RECORD SET START

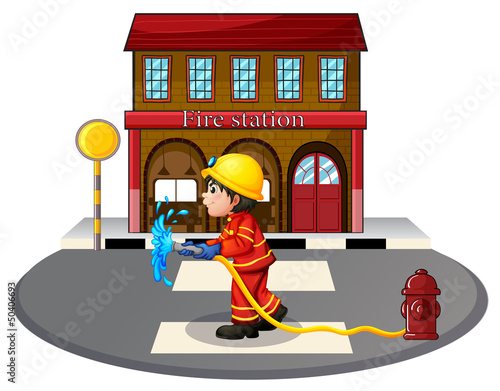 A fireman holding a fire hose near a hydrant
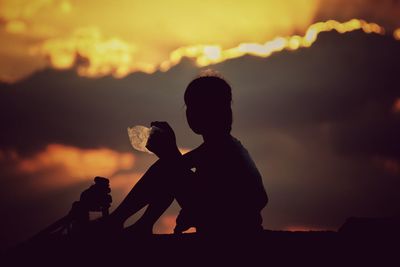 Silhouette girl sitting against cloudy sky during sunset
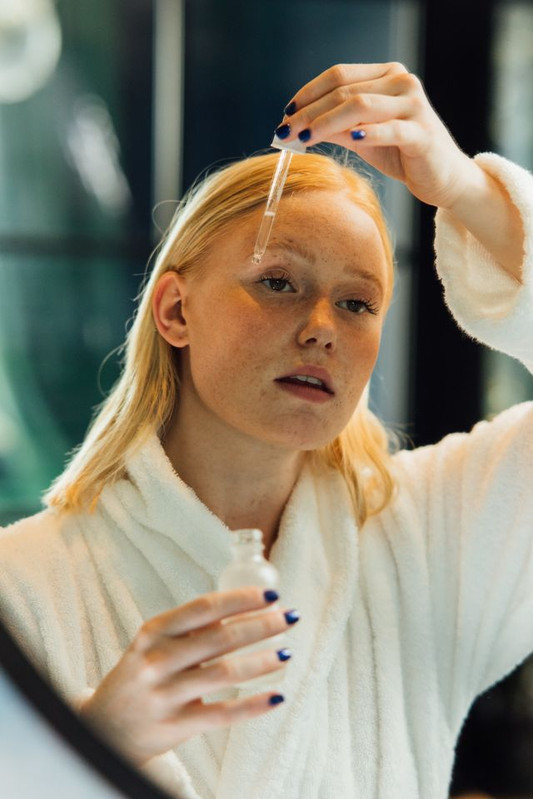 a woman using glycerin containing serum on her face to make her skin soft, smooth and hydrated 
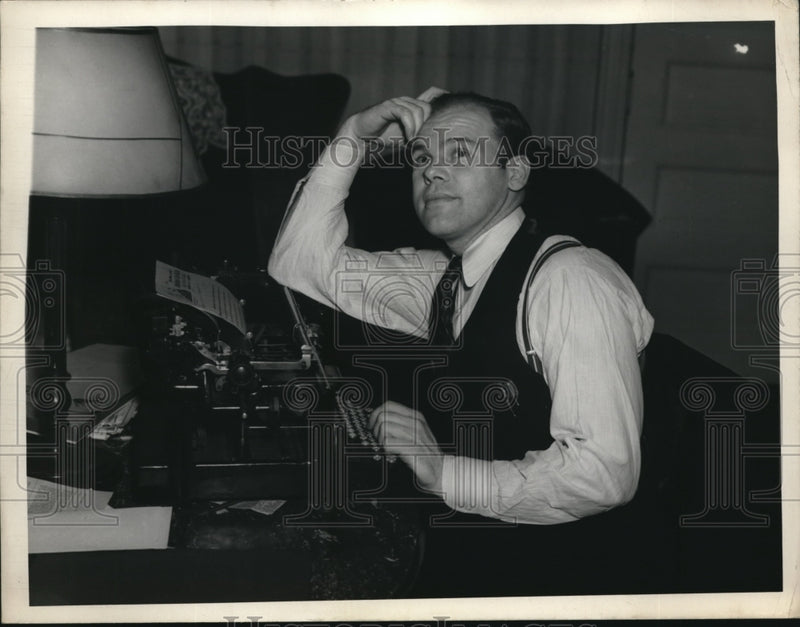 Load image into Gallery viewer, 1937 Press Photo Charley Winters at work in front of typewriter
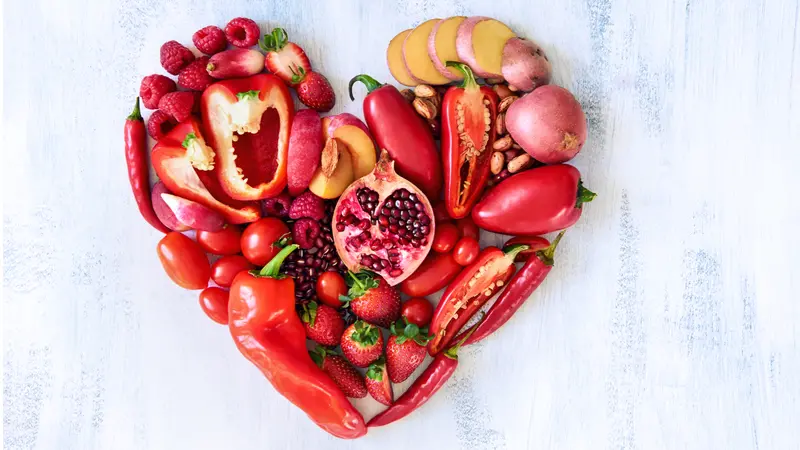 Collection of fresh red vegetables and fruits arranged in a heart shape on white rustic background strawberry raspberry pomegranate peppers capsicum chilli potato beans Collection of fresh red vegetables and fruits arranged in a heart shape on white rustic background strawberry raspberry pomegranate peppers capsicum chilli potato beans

RECORD SET END
RECORD SET START

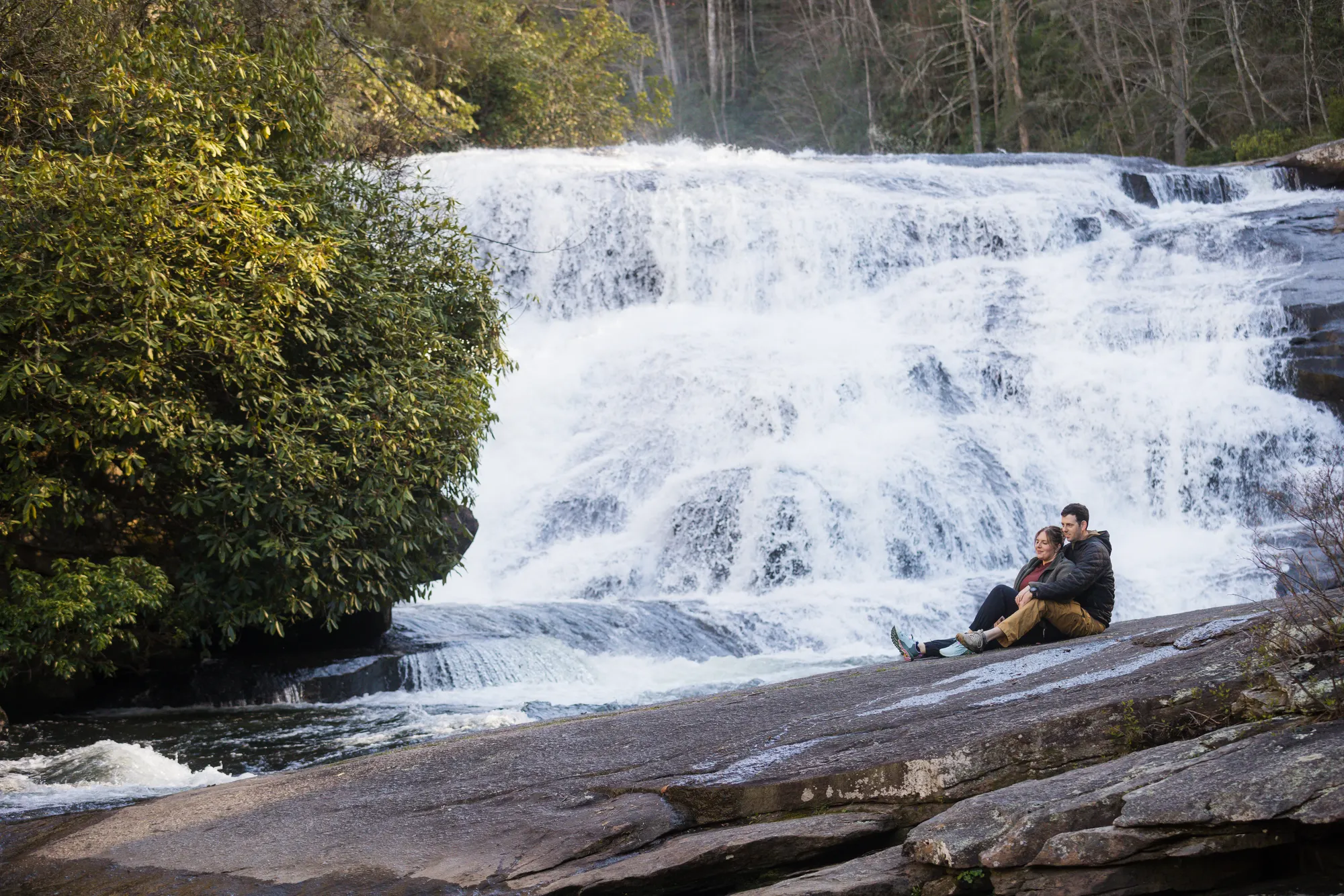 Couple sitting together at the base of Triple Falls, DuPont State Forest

RECORD SET END
RECORD SET START

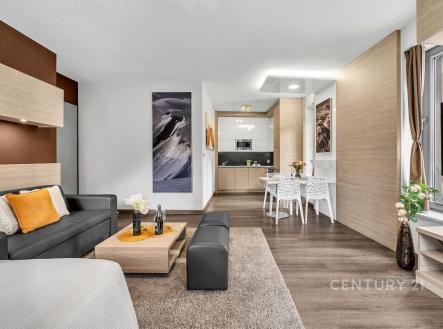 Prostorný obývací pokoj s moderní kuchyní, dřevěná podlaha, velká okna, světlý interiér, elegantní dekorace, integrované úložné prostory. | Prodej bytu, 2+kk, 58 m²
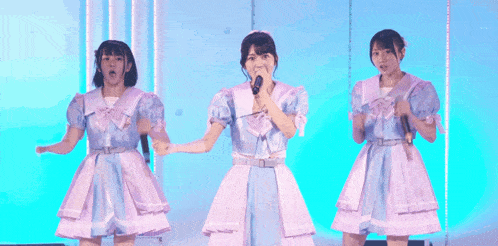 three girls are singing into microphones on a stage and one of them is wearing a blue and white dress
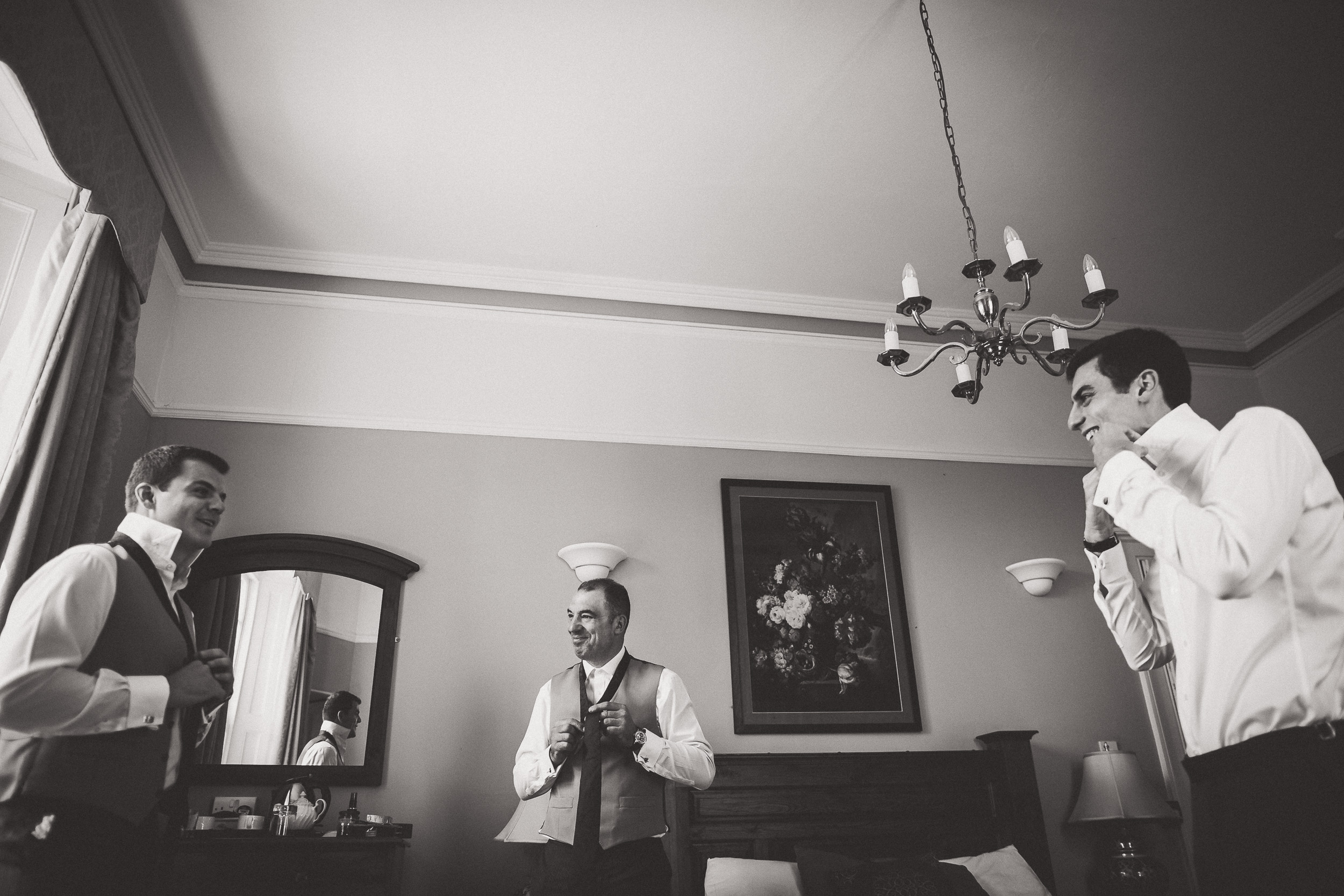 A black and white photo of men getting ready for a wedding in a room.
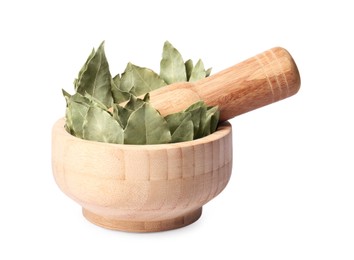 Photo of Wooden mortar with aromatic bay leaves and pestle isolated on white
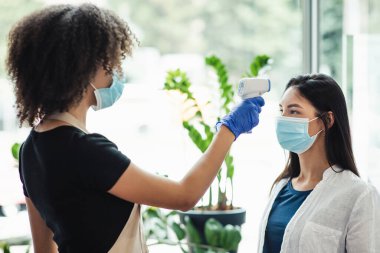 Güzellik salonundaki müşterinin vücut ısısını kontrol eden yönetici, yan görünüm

RECORD SET END

** PROMPT **
Starting at the line containing "Silhouette girl sitting" and stopping at the line containing "Load image into", output each line exactly as it appears above. Leave out the pictures.

** RESULT FOR THIS EXERCISE **
 Silhouette girl sitting against cloudy sky during sunset
 a woman using glycerin containing serum on her face to make her skin soft, smooth and hydrated 
 Load image into Gallery viewer, 1937 Press Photo Charley Winters at work in front of typewriter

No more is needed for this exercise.